▶ [What you have to do]: The response should consist only of the lines from the one with "3M 40021915 Yüksek" to the end of the data below, copied exactly and without pictures.

=====

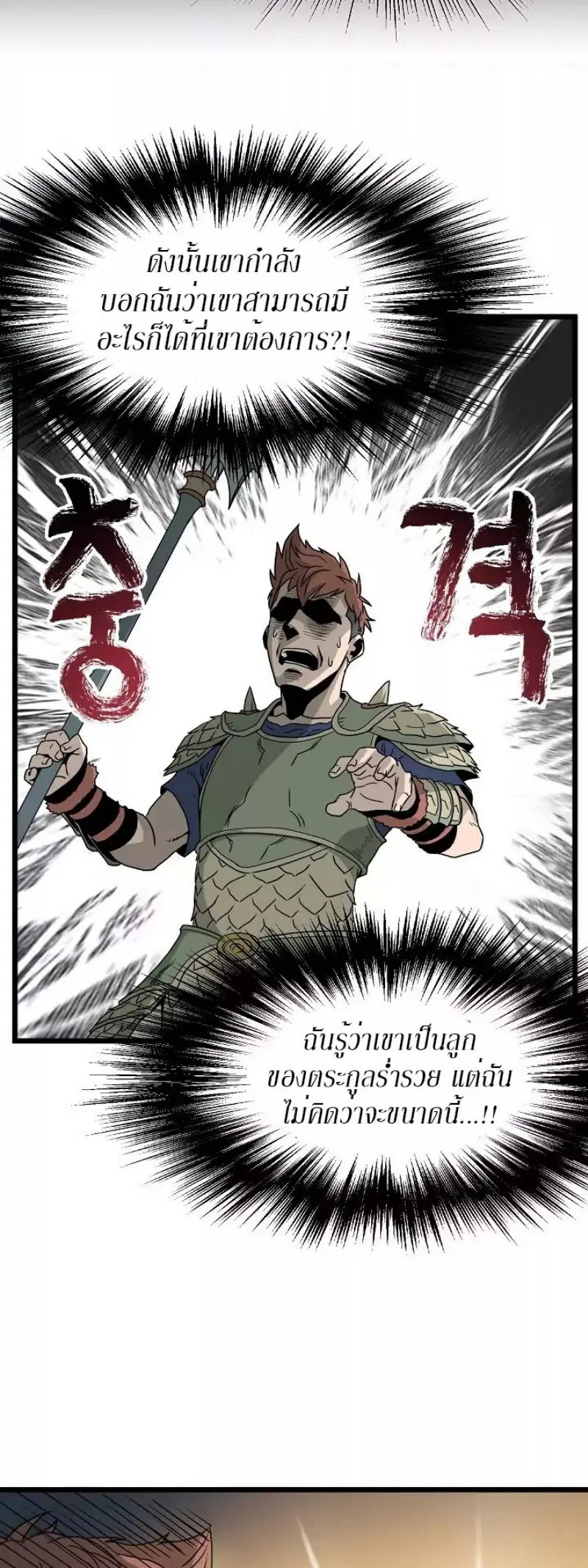 Murim Login ตอนที่ 45 หน้า 37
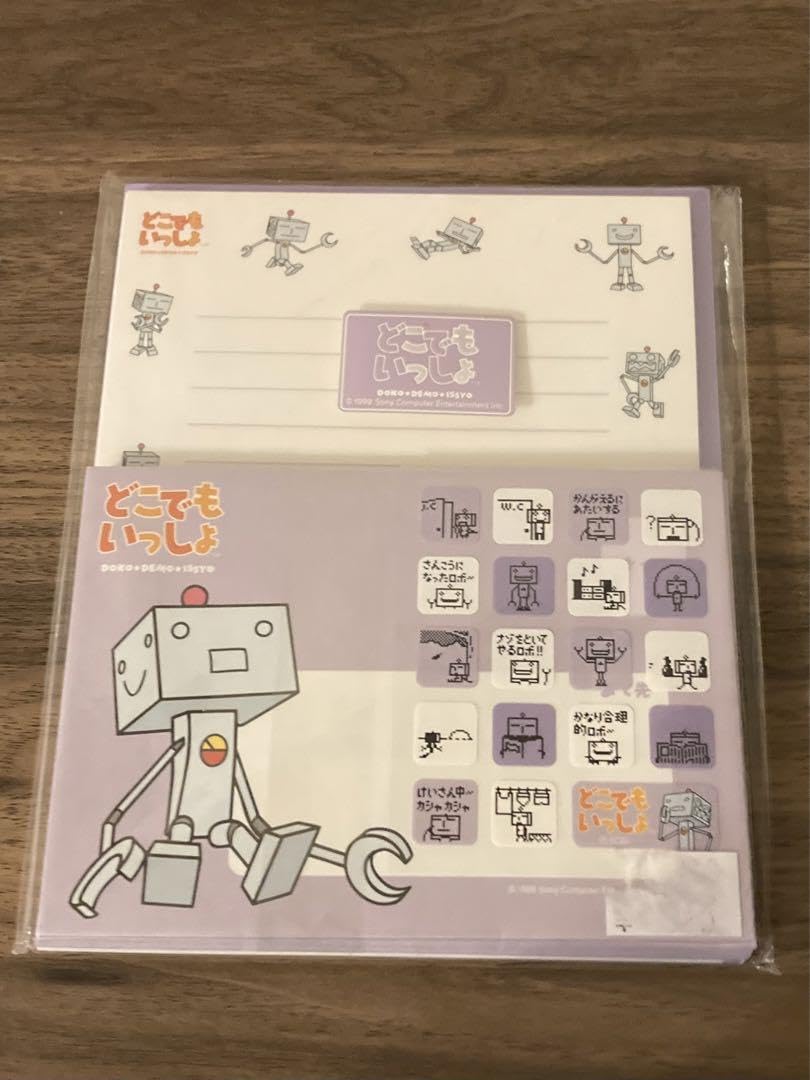 どこでもいっしょ　トロ　ピエール　スズキ　 5周年セット どこでもいっしょ トロ ピエール スズキ 5周年セット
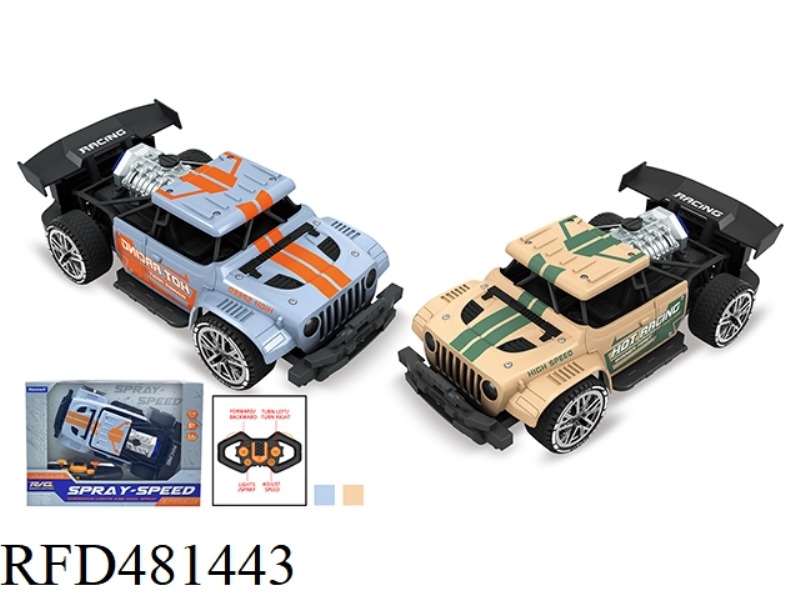 2.4G1: 16 SIX-CHANNEL SPRAY HIGH-SPEED REMOTE CONTROL CAR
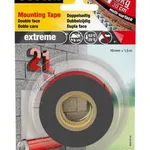 3M 40021915 Yüksek Performanslı Akrilik Köpük Yapışkan Bant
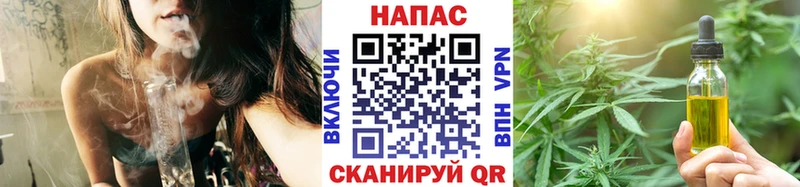 Марихуана VHQ  Ессентуки 
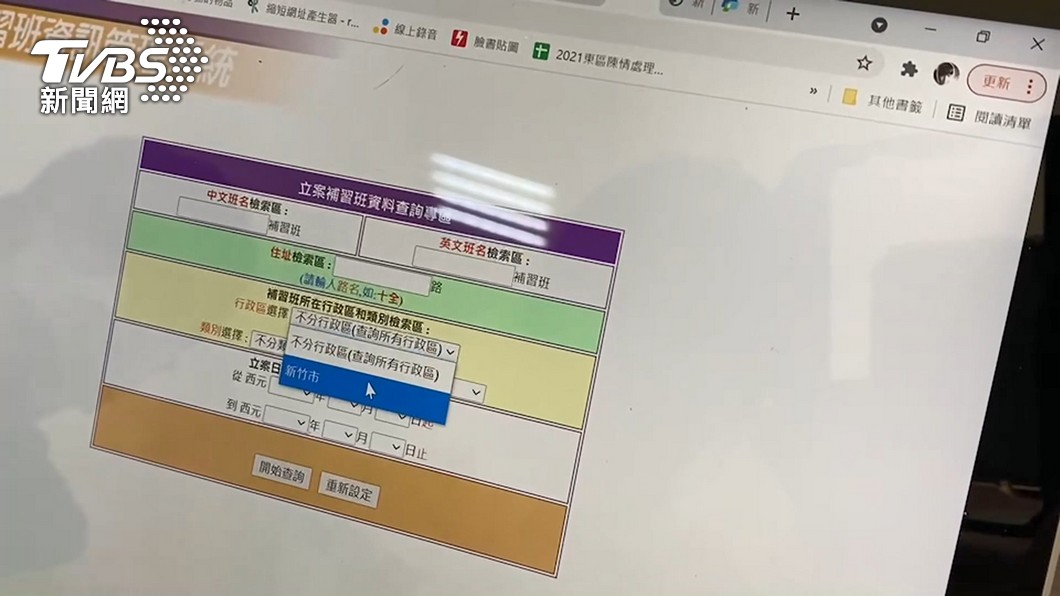 圖／TVBS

=====

▶ [Written solution]:
 3M 40021915 Yüksek Performanslı Akrilik Köpük Yapışkan Bant
 Марихуана VHQ  Ессентуки 
 圖／TVBS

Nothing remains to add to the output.